Overview

In previous lessons, you learned about assets, how to connect assets to represent a data pipeline, and how to start a run that materializes the assets.

Dagster’s role is to be the single pane of glass across all data pipelines in an organization. To make this possible, Dagster needs to know about the services and systems used in your data pipelines, such as cloud storage or a data warehouse. In this lesson, we’ll show you how to accomplish this using software engineering best practices.

With this in mind, the best practice we’ll focus on in this lesson is called Don’t Repeat Yourself, or DRY for short. This principle recommends that engineers do something once and only once, thereby reducing duplication and redundancy. By being intentional and writing DRY code, you can reduce the number of bugs, increase the ability to understand the project’s codebase, and improve observability over how logic and functionality are used.

Another way Dagster embraces software engineering best practices is by enabling testing in development.
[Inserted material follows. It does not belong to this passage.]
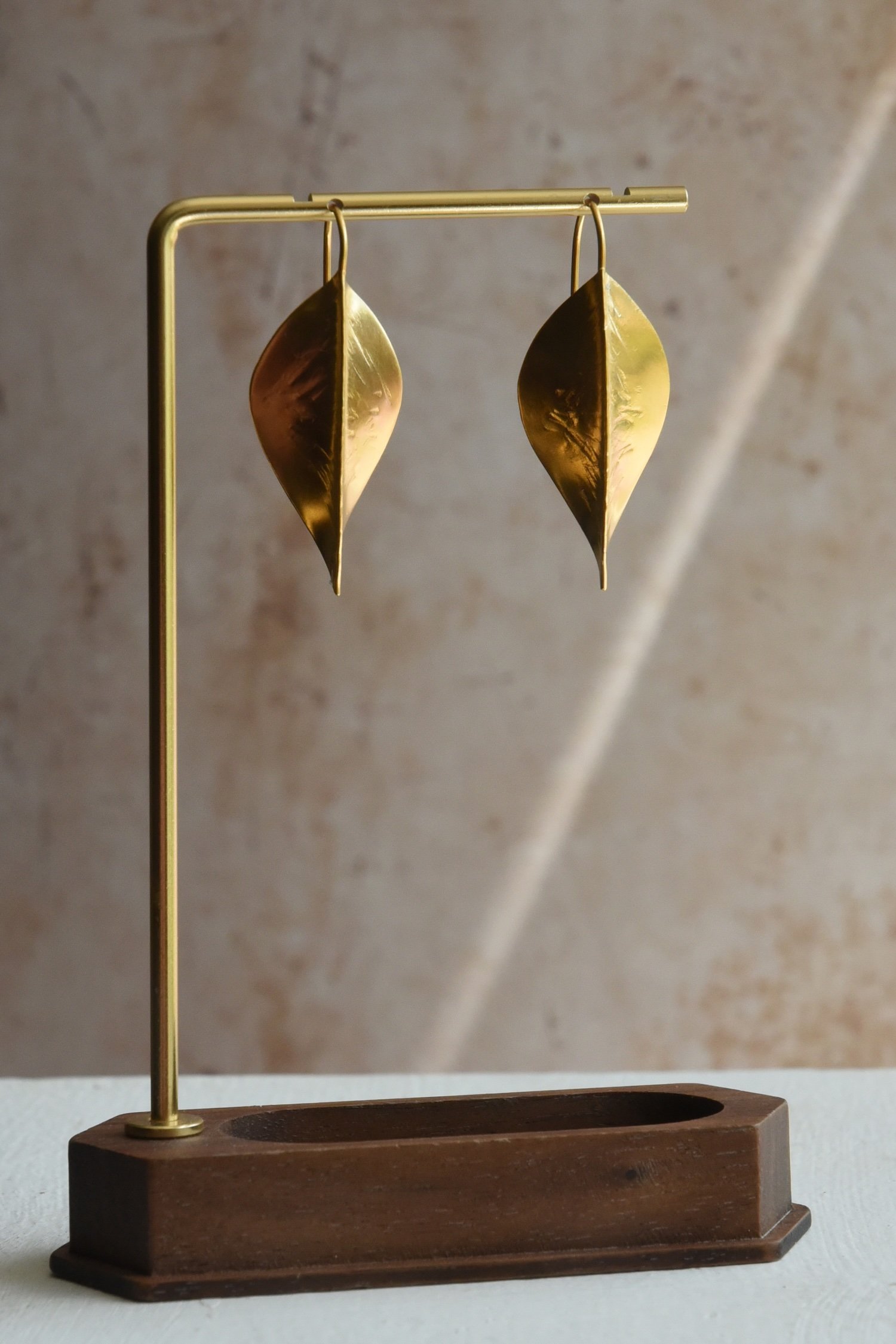 SMALL HAMMERED LEAVES EARRINGS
Developing and changing pipelines get more daunting as complexity increases. Testing in development and having a place to test changes is critical to building confidence in the code before it gets to production. This has been a challenge in data engineering with the code and environments tightly coupled.

In Dagster, connections to databases can be swapped with local databases and external connections can be represented differently for each environment. A replica of a production environment can be modeled and used in development to take the guessing out of building and making changes to your pipelines.